IPA過去問ドリル

令和3年度 春期 情報処理安全確保支援士試験 午前Ⅱ 問18

テクノロジ/ネットワーク

ETSI(欧州電気通信標準化機構)が提唱する NFV(Network Functions Virtualisation)に関する記述のうち,適切なものはどれか。

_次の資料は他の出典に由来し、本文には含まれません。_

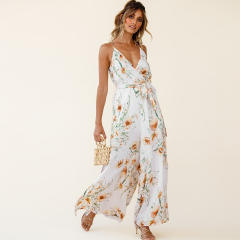 White Summer V-Neck Streetwear Wide Leg Jumpsuit For Women PQLQ109B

出典:令和3年度 春期 情報処理安全確保支援士試験 午前Ⅱ 問18

正解:ウ

解説

NFV(Network Functions Virtualisation)は,ETSI が提唱する概念で,従来ルータやファイアウォールなどの専用ハードウェア機器が担っていたネットワーク機能を,汎用サーバ上で動作する仮想マシン(VM)のソフトウェアとして実現する技術です。専用機器への依存を減らし,柔軟な構成変更やリソースの有効活用を可能にします。SDN(ネットワークの制御と転送を分離する技術)とは異なる概念であり,両者は組み合わせて利用されることもありますが,NFV 自体は SDN を前提とするものではありません。

選択肢ごとの解説

  • 誤り。NFV は SDN を用いることを前提とする概念ではありません。SDN と NFV は関連はしますが,別々の技術概念です。
  • 誤り。OpenFlow プロトコルの専用機器だけを使ってネットワークを構築することは SDN(特に OpenFlow ベースの実装)の説明であり,NFV の説明ではありません。
  • 正しい。ルータ,ファイアウォールなどのネットワーク機能を,汎用サーバを使った仮想マシン上のソフトウェアで実現することが NFV の特徴です。
  • 誤り。ロードバランサ,スイッチ,ルータなどの専用機器を使って仮想ネットワークを実現する方式は,従来の専用機器によるネットワーク仮想化の説明であり,NFV(ソフトウェアによる実現)の説明ではありません。